Vom Analphabeten zum Fachmann – fünf junge Geflüchteten haben ihren Sprung in eine Ausbildung geschafft. Sie fanden in Rottweil eine neue Heimat und neue Perspektiven.
Seit gut einem Jahr gibt es die Wohngruppe „Rückenwind“ der Stiftung Lernen-Fördern-Arbeiten, in der jugendliche Geflüchtete untergebracht sind. Janina Kehrer, die Leiterin der Wohngruppe, berichtet nun von den Erfolgen des Projekts, und wie sich fünf junge Geflüchtete auf den Weg in das Berufsleben gemacht haben.
„Was um alles in der Welt sind denn Muffen?“, fragte sie Alidou, als sie sein Berichtsheft durchschaut. „Ja das ist für die Rohre, das kommt da außen drum“, erklärte er und zeigt Bilder von Muffen auf dem Handy, die sich als Bauelemente zur Verbindung von Rohren herausstellen.
Vom Analphabet zum Anlagenmechaniker
Der 18-jährige Alidou kam vor rund anderthalb Jahren als Analphabet von der Elfenbeinküste nach Deutschland. Inzwischen schreibt er jeden Abend fein säuberlich in sein Berichtsheft, was er den Tag über gelernt hat.
Im September hat seine Ausbildung zum Anlagenmechaniker mit Einsatzgebiet Rohrsystemtechnik begonnen – nach nur einem Jahr Deutschunterricht in einer Vorbereitungsklasse.
Neben Alidou haben das noch vier weitere Bewohner der Wohngruppe geschafft. Die Wohngruppe „Rückenwind“ gibt es seit September 2023. Neun minderjährige Geflüchteten hatten sie bezogen. Die Jugendlichen aus Afghanistan, Syrien, Somalia, Guinea, Gambia und von der Elfenbeinküste waren bei ihrer Einreise zwischen 14 und 17 Jahre alt und haben in ihren Heimatländern oft nur wenige Jahre oder auch gar keine Schule besucht.

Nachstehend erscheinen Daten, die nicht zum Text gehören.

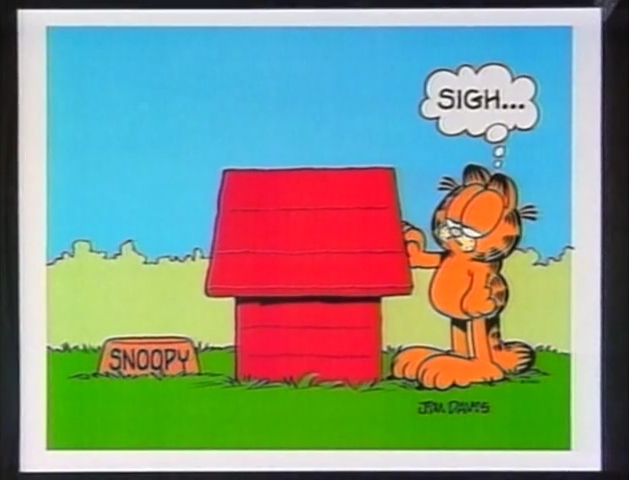 peanuts garfield что это. Смотреть фото peanuts garfield что это. Смотреть картинку peanuts garfield что это. Картинка про peanuts garfield что это. Фото peanuts garfield что это
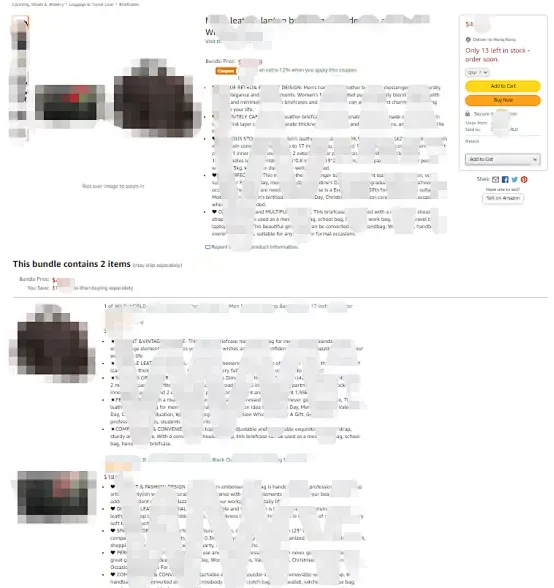 image.png 图片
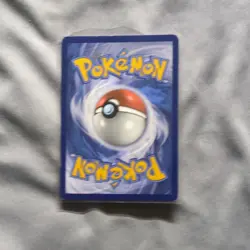 Pokemon TCG Reshiram & Charizard GX TAG TEAM Ultra Rare Sm-Unbroken Bonds 20/21… - Image 2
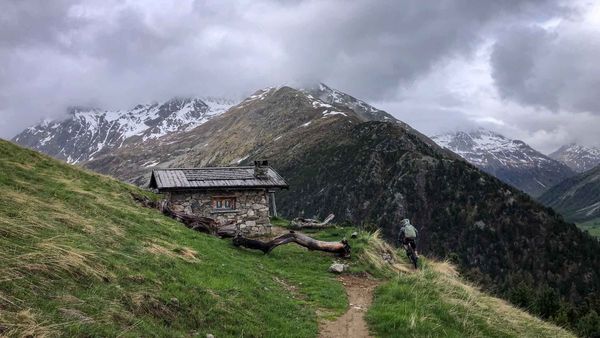 Pilotprojekte im MTB-Bereich: Von der Idee zur strukturierten Erprobung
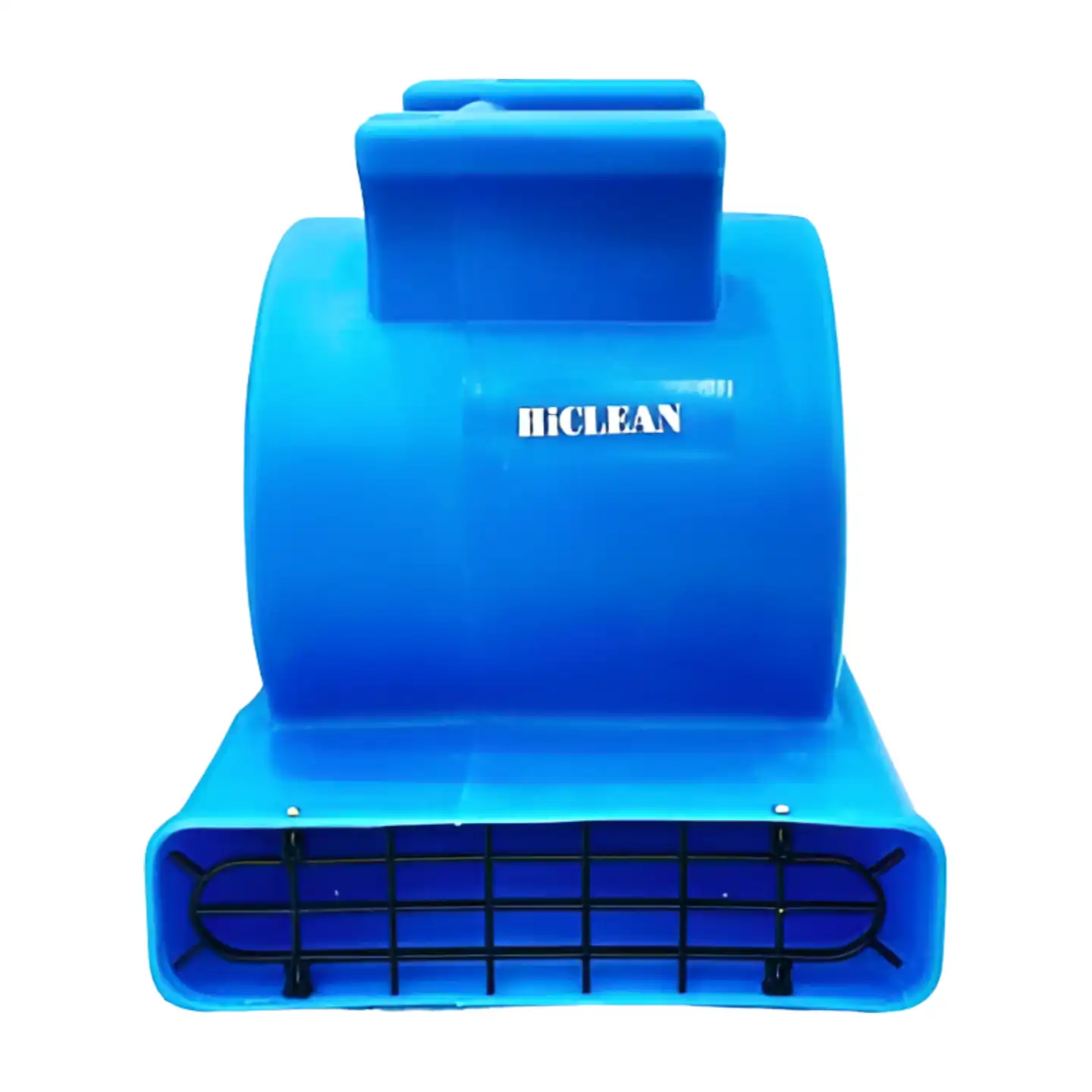 Quạt thổi sàn HiClean HC535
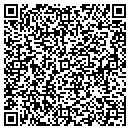 QR code with Asian Faith contacts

Amadou hatte sein Ziel klar vor Augen
Der inzwischen 18-jährige Rofiullah aus Afghanistan hat auch nie eine Schule besuchen können. Nach einem Jahr in der Deutsch-Vorbereitungsklasse und mehreren Praktika hat er nun ebenfalls eine Ausbildung zum Anlagenmechaniker begonnen – mit dem Schwerpunkt Sanitär-, Heizungs- und Klimatechnik.

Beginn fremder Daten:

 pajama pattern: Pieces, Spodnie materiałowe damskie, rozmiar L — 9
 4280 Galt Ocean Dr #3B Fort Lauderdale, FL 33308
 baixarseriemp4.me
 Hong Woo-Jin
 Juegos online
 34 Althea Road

Technisches Interesse der anderen Art zeigt der 17-jährige Amadou aus Guinea. Für ihn war von Anfang an klar: Er möchte LKW-Fahrer werden. Und da sein Willen genauso ausgeprägt war wie seine Lerngeschwindigkeit, erfüllte er sich diesen Traum. Erst schloss er die Deutsch-Vorbereitungsklasse als Klassenbester ab und angelte sich dann seinen Ausbildungsvertrag zum Berufskraftfahrer.
Mit Zwiebelrostbraten und Brezelteig zum Glück
In den kulinarischen Bereich hat es den 17-jährigen Mohammad aus Afghanistan und den 18-jährigen Mahamed-Abaadir aus Somalia verschlagen. Mohammad begann eine Ausbildung zum Koch beim Restaurant „Villa“ in Rottweil. Auf die Frage, was er denn am liebsten koche, sagt Mohammad: „Zwiebelrostbraten und Kalbsbäckchen. Das sind meine Lieblingsgerichte bei der Arbeit. Das ist so lecker!“
Mahamed-Abaadir aus Somalia hat sich für eine Ausbildung zum Bäcker entschieden – was vor anderthalb Jahren absolut undenkbar gewesen wäre. Durch schwere Misshandlungen auf der Flucht waren seine Hüfte und Beine so schwer verletzt, dass er sich nur mit großer Anstrengung und gebückt an einer Krücke fortbewegen konnte. Nach einer Hüft-Operation und einer langwierigen Behandlung kämpfte er sich nach und nach zurück auf seine Beine. Nun steht er gut gelaunt stundenlang in der Backstube und zwirbelt Brezelteig.
„Wir wollen in Frieden Leben“
Fünf Geschichten, fünf erfolgversprechende Starts ins Berufsleben. Sie zeigen, was alles möglich sein kann – wenn es zunächst auch noch so unmöglich erscheinen mag, so Kehrer.
Welche Träume sie sich noch erfüllen wollen, da sind sich alle ziemlich einig: „Wir wollen in Frieden leben, noch weiter lernen und dann einfach ein ganz normales Leben hier haben.“ „Und natürlich noch den Führerschein machen!“ wirft Amadou ein und lacht. Nicht nur er, sondern auch Rofiullah haben sich dafür bereits angemeldet.